The arch of the foot
The flat foot or collapse of the arch is common in young children. It corrects himself most often alone, otherwise he imposes the wearing of orthopedic soles. The flat foot means that, in the middle part of the foot, the arch of the foot touches the interior floor excessively. It will go so far as to overtake the inner edge.
It is frequently associated with a deflection of the ankle outwards (valgus flat foot: when looking at the ankle from the rear, the lateral toes are excessively visible).
It can be manifested by a slight casing, repeated falls, premature wear of shoes, abnormal bone visibility below the internal malleolus, pain, cramps, or fatigability to exertion.
Different types of flat foot
Congenital flat foot, present at birth, without real cause and which will disappear most often during growth (tissues of the plantar arch too soft at birth). As the tissue grows stronger, it becomes a real vault. Treatment of the flat foot is considered in the case of typical gait disorders falls, but most often custom molded orthopedic shoes are sufficient to correct the problem.
Flat foot acquired, on the occasion of positional disorders during growth, or tissue tear, but also obesity, or menopause. Often this one is well tolerated, and it is with aging, and a less good adaptation that the patient will be required to consult. In this case, orthopaedic soles are usually sufficient to correct the problem. This degenerative flat foot is often related to posterior tibial tendon tendinopathy. Patient consults for internal pain in the posterior part of the ankle. The posterior tibial muscle stabilizes the heel, and keeps the forefoot straight, at gait. It may also be related to a lower limb rotation disorder, or knee axis, neurological disorder, rheumatoid arthritis, diabetes, or fracture.
The pre-therapeutic check-up includes standard x-rays in charge (adult osteoarthritis research), and most often an ultrasound or an MRI to specify in particular the condition of the posterior tibial tendon.

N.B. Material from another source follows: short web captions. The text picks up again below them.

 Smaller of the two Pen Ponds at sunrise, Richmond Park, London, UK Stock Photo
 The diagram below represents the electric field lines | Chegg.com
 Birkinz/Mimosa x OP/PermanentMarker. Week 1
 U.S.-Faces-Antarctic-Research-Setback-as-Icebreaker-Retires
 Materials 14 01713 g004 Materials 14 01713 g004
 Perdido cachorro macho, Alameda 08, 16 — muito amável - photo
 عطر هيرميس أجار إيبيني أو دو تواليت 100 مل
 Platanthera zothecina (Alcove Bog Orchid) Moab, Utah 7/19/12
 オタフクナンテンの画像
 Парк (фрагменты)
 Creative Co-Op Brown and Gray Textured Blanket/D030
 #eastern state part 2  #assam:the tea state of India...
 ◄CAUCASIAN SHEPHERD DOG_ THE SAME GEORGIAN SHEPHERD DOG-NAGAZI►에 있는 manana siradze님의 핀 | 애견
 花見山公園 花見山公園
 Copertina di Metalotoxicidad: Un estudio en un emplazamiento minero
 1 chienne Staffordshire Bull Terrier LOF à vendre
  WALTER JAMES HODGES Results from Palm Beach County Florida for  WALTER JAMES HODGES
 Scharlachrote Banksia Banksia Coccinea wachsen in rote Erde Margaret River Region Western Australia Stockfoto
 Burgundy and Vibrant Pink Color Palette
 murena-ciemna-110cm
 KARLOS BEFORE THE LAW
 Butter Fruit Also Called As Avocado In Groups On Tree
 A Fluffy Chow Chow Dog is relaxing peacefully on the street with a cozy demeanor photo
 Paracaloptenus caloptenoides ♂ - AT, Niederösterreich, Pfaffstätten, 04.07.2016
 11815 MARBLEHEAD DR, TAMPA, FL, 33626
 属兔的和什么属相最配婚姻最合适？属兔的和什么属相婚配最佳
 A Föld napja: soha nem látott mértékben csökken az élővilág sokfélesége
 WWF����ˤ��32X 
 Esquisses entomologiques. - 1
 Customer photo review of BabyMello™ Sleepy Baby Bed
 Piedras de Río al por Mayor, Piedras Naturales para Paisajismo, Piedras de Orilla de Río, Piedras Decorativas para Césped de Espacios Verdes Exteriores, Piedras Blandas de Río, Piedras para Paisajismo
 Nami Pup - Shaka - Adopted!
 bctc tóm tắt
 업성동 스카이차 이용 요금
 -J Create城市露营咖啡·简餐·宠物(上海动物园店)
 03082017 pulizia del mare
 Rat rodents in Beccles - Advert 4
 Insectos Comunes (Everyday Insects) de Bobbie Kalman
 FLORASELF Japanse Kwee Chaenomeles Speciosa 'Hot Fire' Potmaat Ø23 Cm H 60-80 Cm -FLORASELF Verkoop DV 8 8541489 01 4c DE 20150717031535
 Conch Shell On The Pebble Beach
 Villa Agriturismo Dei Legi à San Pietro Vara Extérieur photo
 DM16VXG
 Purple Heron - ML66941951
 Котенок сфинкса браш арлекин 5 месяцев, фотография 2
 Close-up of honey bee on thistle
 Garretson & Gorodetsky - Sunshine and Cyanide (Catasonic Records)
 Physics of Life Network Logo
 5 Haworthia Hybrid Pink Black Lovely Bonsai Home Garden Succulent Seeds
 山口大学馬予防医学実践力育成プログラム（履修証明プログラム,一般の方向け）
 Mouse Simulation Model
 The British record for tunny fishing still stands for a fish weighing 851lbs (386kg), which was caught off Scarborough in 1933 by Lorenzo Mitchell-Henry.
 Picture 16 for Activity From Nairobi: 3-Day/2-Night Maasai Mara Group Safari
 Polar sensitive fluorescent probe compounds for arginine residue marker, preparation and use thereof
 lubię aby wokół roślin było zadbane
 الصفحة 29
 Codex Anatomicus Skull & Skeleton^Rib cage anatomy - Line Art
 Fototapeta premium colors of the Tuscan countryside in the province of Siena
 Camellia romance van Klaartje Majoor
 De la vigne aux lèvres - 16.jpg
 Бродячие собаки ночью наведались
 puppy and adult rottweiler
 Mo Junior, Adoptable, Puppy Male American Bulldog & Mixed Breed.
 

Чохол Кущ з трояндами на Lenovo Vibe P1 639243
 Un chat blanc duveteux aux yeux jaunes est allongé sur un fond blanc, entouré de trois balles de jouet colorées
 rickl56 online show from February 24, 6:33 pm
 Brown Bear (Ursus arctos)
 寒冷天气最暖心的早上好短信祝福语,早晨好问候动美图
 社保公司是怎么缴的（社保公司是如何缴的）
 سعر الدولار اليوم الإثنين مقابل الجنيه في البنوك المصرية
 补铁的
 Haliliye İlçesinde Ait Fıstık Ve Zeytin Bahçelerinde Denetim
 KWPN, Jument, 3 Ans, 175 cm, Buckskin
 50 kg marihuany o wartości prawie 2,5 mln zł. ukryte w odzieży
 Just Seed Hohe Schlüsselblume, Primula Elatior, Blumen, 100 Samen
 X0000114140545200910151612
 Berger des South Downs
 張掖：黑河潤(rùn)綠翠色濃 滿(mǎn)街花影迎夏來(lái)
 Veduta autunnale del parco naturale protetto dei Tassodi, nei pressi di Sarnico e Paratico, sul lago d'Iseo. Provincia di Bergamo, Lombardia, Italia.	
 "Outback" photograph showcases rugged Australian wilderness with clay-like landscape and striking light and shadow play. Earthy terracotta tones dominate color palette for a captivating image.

First, we prescribe soles with internal corner supinator (especially in children), to dig the internal arch of the foot. The soles in the young can also be used to “tone” the arch. We give advice of shoes wearing, and self-rehabilitation, aimed at relaxing the triceps muscle (muscle of the short calf).
In children before adolescence it is possible to propose:
- elongation of triceps, achilles tendon, +/- fibular tendons,
- the installation of a transient wedge between astragalus and calcaneum (triangular external base),
- Synostosis support if applicable (see glossary)
In adolescents or adults, it is proposed to:
- elongation of the triceps muscle,
- tendon transfer if presence of posterior tibial tendon rupture,
- calcaneous osteotomy (external elongation of Evans),
- Talo-navicular and subtalian arthrodesis (in the case of osteoarthritis or inflammatory pathologies such as rheumatoid arthritis).
Cavus Foot (pes cavus)
The cavus foot or exaggeration of the arch (the middle of the foot does not touch the ground, as dug) is always pathological (including related to nervous disorders to be discarded). It does not correct itself with growth but is often well tolerated. Most often, the heel moves inward (varus cavus foot), and the forefoot looks outwards (pronation): “helical” foot.
The cavus foot can be manifested by pain in the front or back of the foot, from discomfort to shoes wearing, claw toes, repetitive ankle sprains, cutaneous-metatarsal thickening. If there is significant deformation, with a gait on the lateral edge of the foot may lead to the development of osteoarthritis.
Cavus Foot Treatment
The pre-therapeutic check-up contains standard and specific x-rays of the ankle axis. In case of suspected neurological cause, we prescribe an Electro-Myogram, an MRI of the lumbar-sacral spine.
The therapeutic management of the cavus foot is diverse: pedicure, soles (in order to increase the contact surface on the ground), adaptation of the shoes (small heel, increase in size) or even orthopedic shoes made to measure, rehabilitation exercises (extension of the posterior chain).
Surgical possibilities include:
- bone cuts (osteotomies to correct heel varus, and pronation of the forefoot,
- a tarsectomy (a bone corner is removed to decrease the cavity),
- arthrodesis (blockage of the foot if fixed or progressive deformation),
- support for the disabling claw toes.